Precedence of international law
DRIPA, one in a series of laws supporting controversial surveillance powers passed by successive UK governments, establishes the principle by which anti-terrorism measures and national security priorities take precedence over human rights considerations. However, the judgment rules that the EU Charter of Fundamental Rights must take precedence, and in doing so requires the UK government to undo its own act of parliament – a significant precedent by a British court.
David Anderson QC, the Independent Reviewer of Terrorism Legislation, comments that this ruling confirms the already well-established supremacy of EU over national law. But it also underscores the UK’s truculence in complying with this principle compared to other European nations.
Human rights online
The judgment also adds to international recognition, such as from the UN, that the way people use the internet is a human rights issue.

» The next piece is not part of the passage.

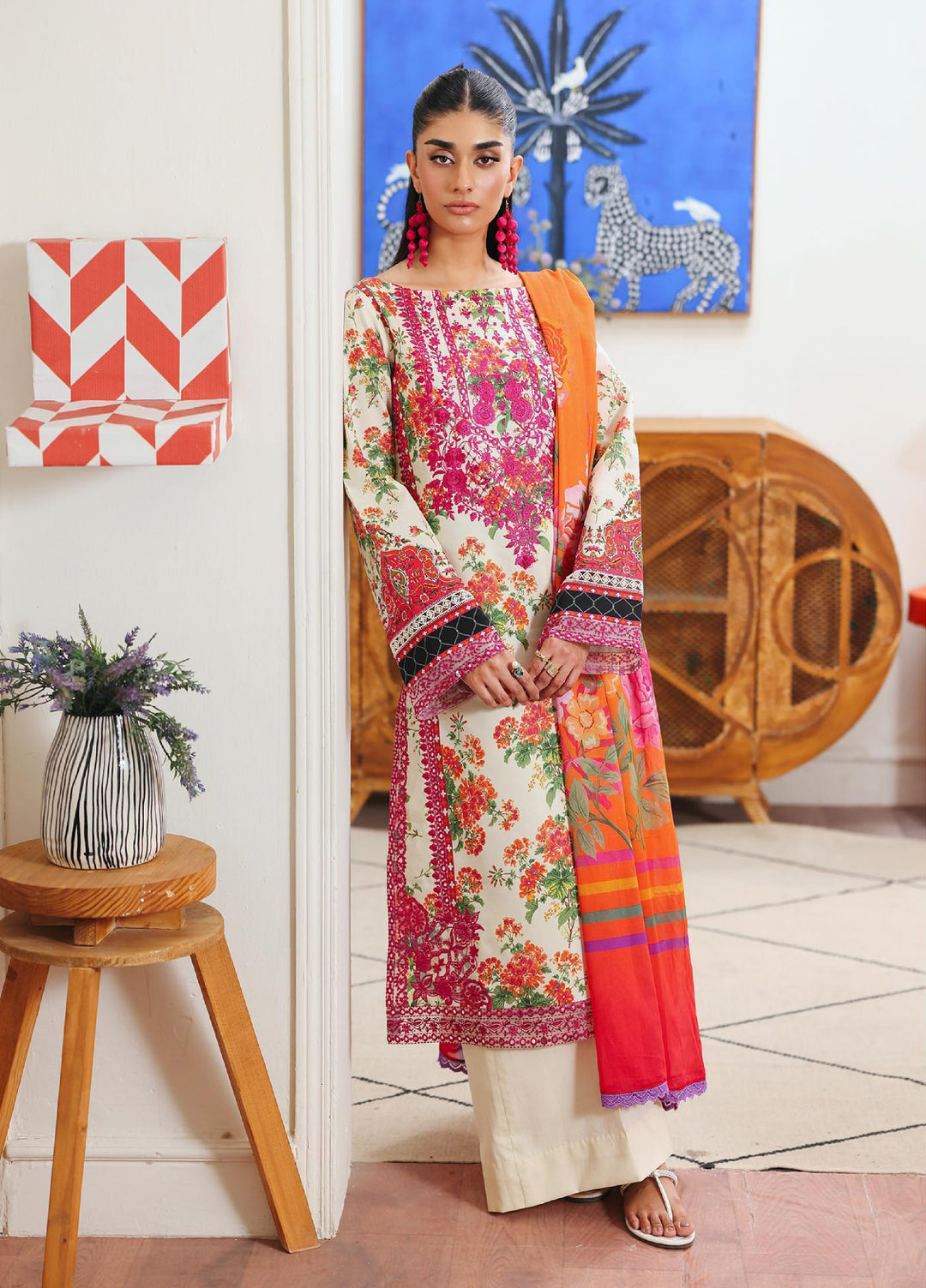 Nissa Floral Symphony by Rajbari Unstitched Lawn Embroidered 3 Piece Suit RB26UNF D-05 - Summer Collection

It does not refer to the wider geopolitical context of issues around the internet’s design, governance and use – from Wikileaks to the Snowden revelations, to the recent appointment of Joe Cannataci as the first UN Special Rapporteur on Privacy. But reading between the lines, it reflects the quiet sea-change underway in national and international courts as they start to comprehend the legal and political challenges of a world increasingly dependent upon computer networks and communication.

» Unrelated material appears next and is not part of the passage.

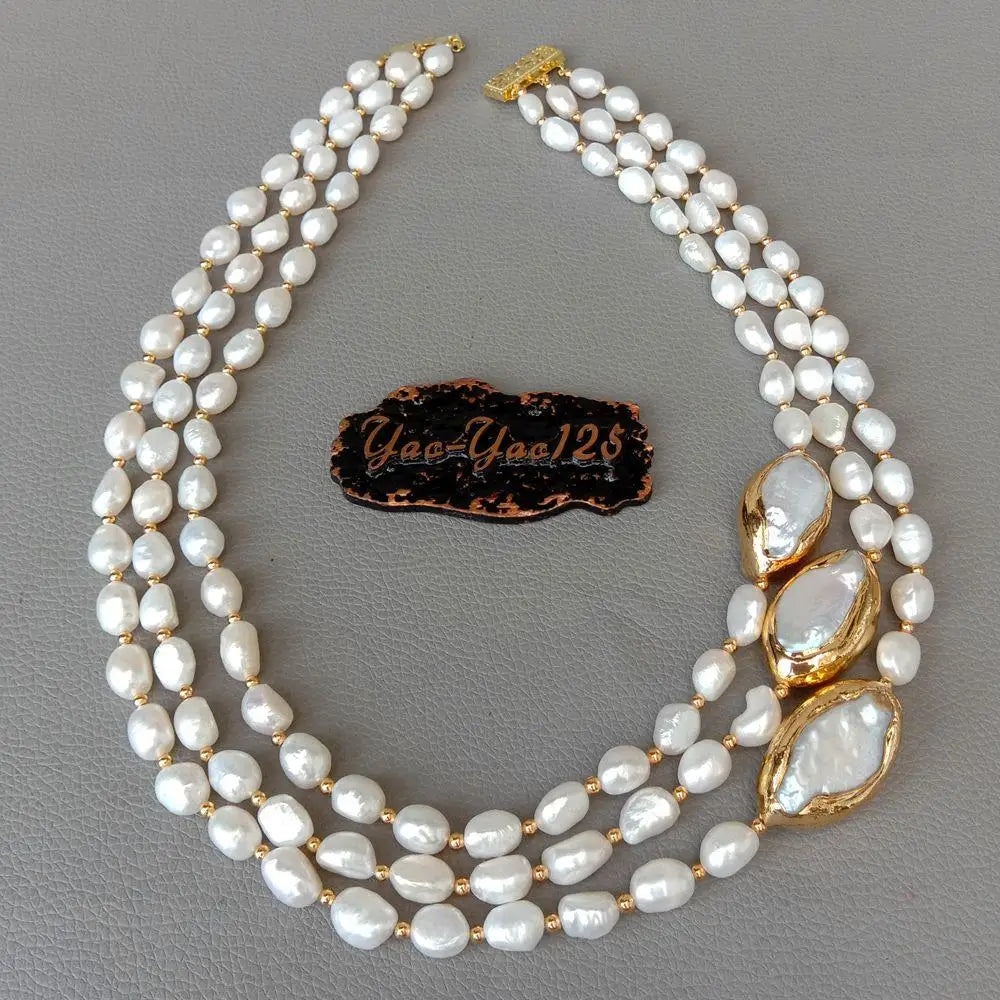 Elegant Baroque Keshi Pearl Choker Necklace for Wedding – Gold Plated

This judgment vindicates the efforts and the slow drip, drip effect of long-term lobbying from across the political spectrum for formal recognition that human rights matter online.
What this ruling makes more apparent is the lack of appropriate and affordable legal means for people to rectify violations of those rights. A recent report from the Council of Europe’s Commissioner for Human Rights on the rule of law on the internet, and a move to incorporate human rights into the heart of the internet’s governing bodies such as ICANN demonstrate that the debate is moving in that direction. The Right to Be Forgotten rulings are another example of courts deciding that human rights trump the technocratic approach.
Access regime poorly governed
It’s good news that those with power to enforce these principles are doing so, with courts correcting the government’s misuse of terrorist threats and abuse of the spirit of the law that governs the democratic process.
However, while the ruling is a positive step towards more robust checks and balances to abuses of executive power, it draws a distinction between its opinion on controversial EU laws governing blanket data retention, and its judgment that DRIPA lacks adequate standards governing access to that data.
Data retention and access to it may be legally distinct, but through mandatory data retention regulations EU member state governments have access to considerable details of our private lives online. With retention periods varying from six months to two years across the EU, this scale of data retention has been a source of friction between EU nations, and a bone of contention for civil liberties groups.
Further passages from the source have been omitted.